Just two weeks left, and if the playoffs started today, the Tigers would be on the outside looking in, trailing the Cleveland Indians in the AL Central and the New York Yankees in the wild card race.
Fresh off a sweep of the Minnesota Twins, the Tigers have momentum at their backs, but this time around, the Tigers can't just say "win and they're in" – they're going to need help. And that means either the Indians or the Yankees stumbling against inferior competition.
Bottom line, even if the Tigers go on an incredible run over the final two weeks, without a slip up from one of the aforementioned teams, the Tigers will be heading home come October 1st.
Should the Tigers fall short, what will the root cause be? There's no one culprit, and sometimes, baseball has a funny way of working out.
In '06, the Tigers limped into the playoffs after losing the division lead they held for months on the final day of the season, and were counted out by every baseball pundit. Then the Tigers took game two in New York, returned home to Detroit and a pair of dominating pitching performances moved the Tigers past the Yanks and into the ALCS.
Much like their previous round, the Tigers were expected to be overmatched by the surging Oakland A's, whose time had finally come to those same pundits. Instead, the Tigers swept the A's; with an explanation point three-run, walk-off home run by Magglio Ordonez.

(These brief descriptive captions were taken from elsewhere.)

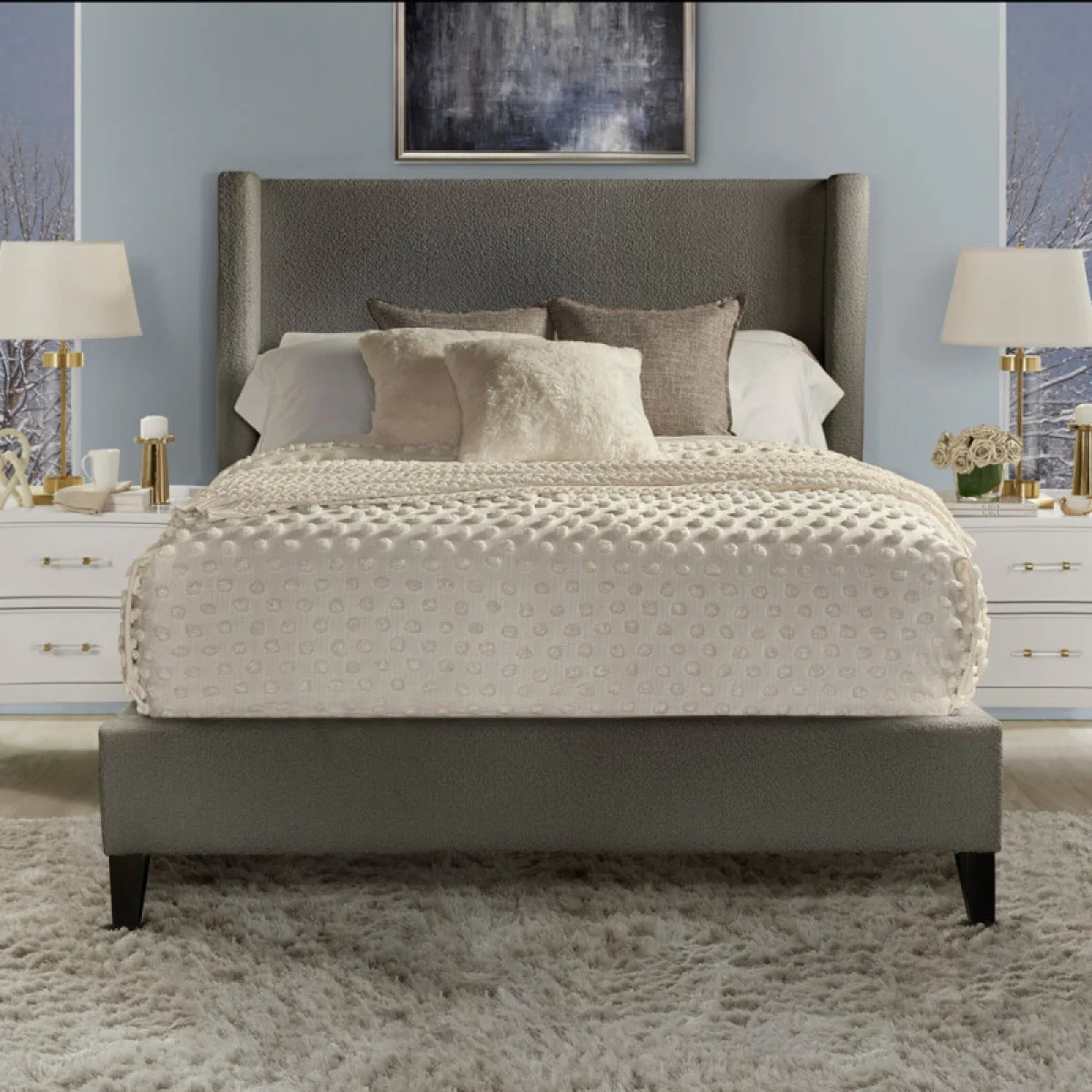 Angel – Himalaya Charcoal Queen Bed 5/0 Beds Beds 4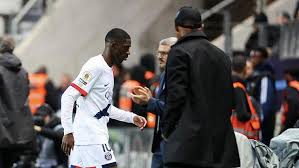 Ousmane Dembele having treatment for muscle strain, Paris St-Germain reveal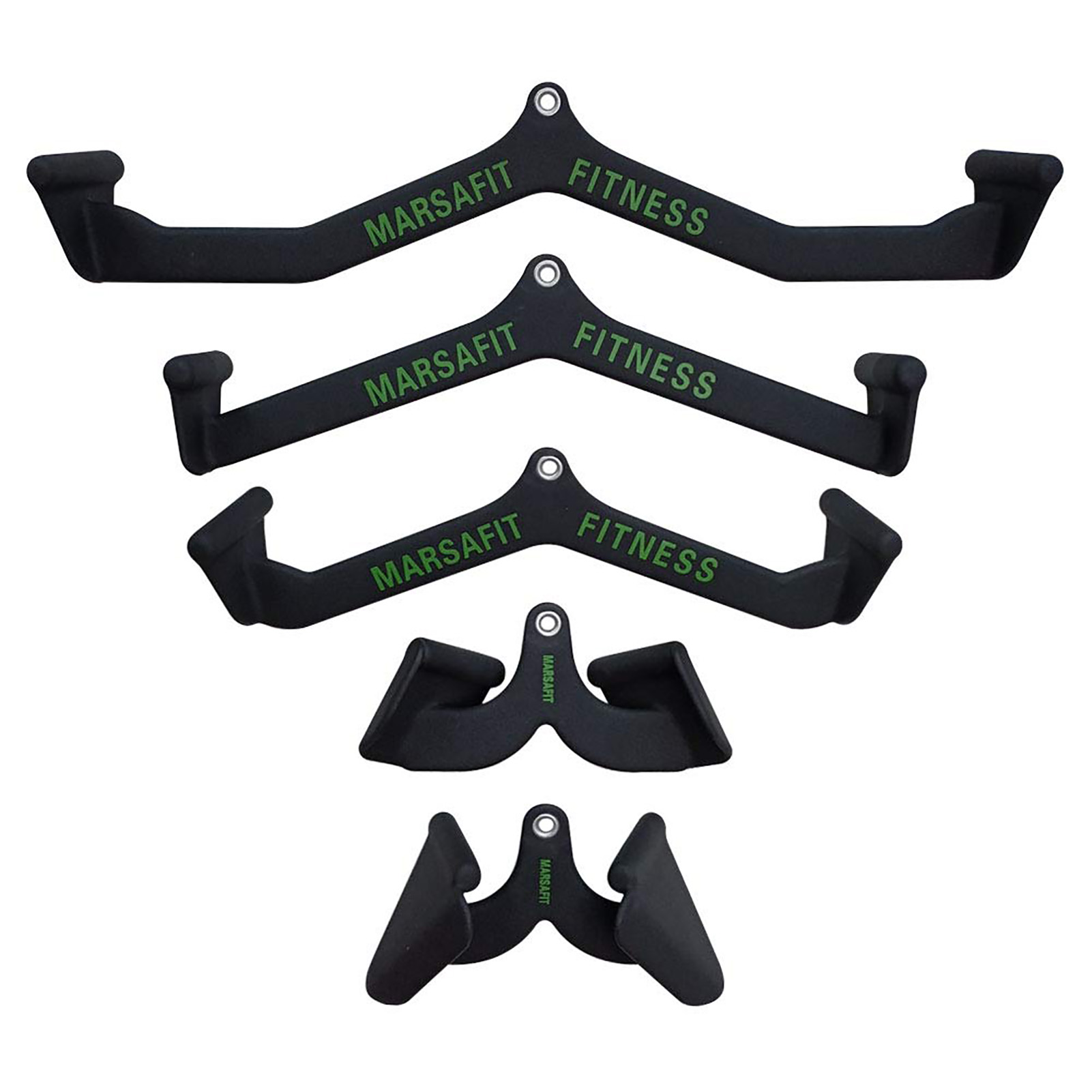 لات سحب أسفل بار التجديف مقبض  - مراجعة Home Gym Pulley System وسعره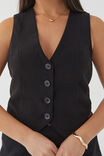Phoebe Vest, BLACK - alternate image 4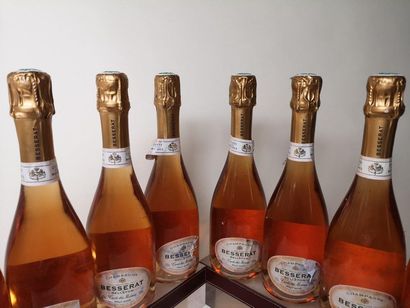 null 12 demi bouteilles CHAMPAGNE BESSERAT de BELLEFON "Cuvée des Moines" brut rosée...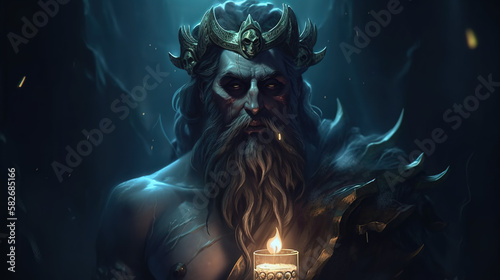 Greek God Hades - God of the underworld photo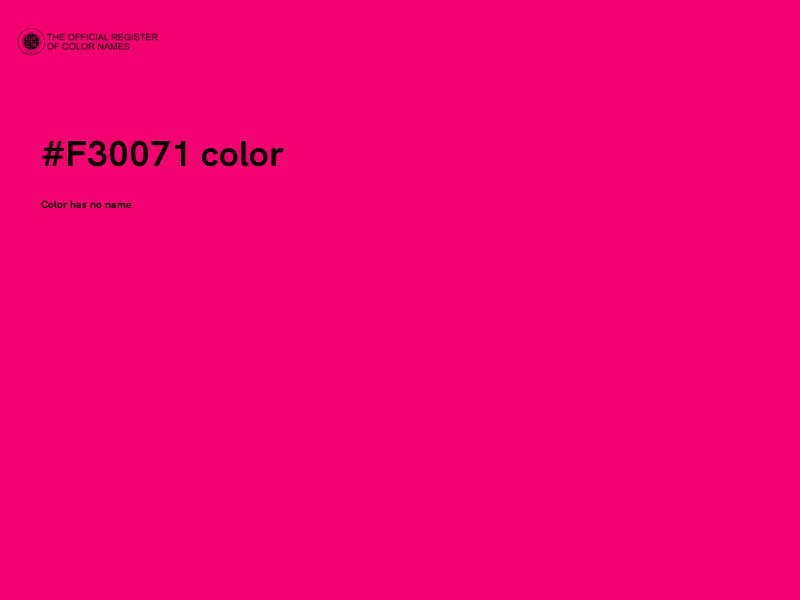 #F30071 color image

Enter the Tigers into the World Series against a St. Louis Cardinals team that made the playoffs only because of the relative mediocrity of their division, finishing the regular season a pedestrian 83-79. The Tigers were heavy favorites, seemingly having the advantage in every facet of the game.
But what happened? The Tigers were ultimately knocked out in five games because of the inability of their pitchers to complete a simple throw to first base.
Were the Tigers worthy of being World Series champs? Of course. What happened? A problem emerged that no one even thought to consider, a part of the game so miniscule many games will pass without it ever being
Are the Tigers a playoff-caliber team in 2007? Absolutely. They possess one of the best line-ups in baseball. They have arguably the best stable of young arms of any other team in the majors. They have an ace who pitched 23 scoreless innings last October. Their Cy Young contender tossed a no hitter earlier this summer.
But when October 1 rolls around, odds are the Tigers won't be preparing to defend their American League crown. Why? Not because of waiting too long to make a pitching substitution, a hit-and-run gone wrong, or an inability to get a runner home from third with less than two out.
It will have come down to the Tigers using a dozen different starting pitchers due to injuries; a freak ligament injury to their flamethrowing setup man; a streaky designated hitter that couldn't hit the broad side of a barn in April, and then couldn't stay healthy after the All Star break; or a left fielder that spent years earning a reputation for being remarkably consistent only to see the bottom fall out in '07.
But hey, that's baseball. And there's always next year.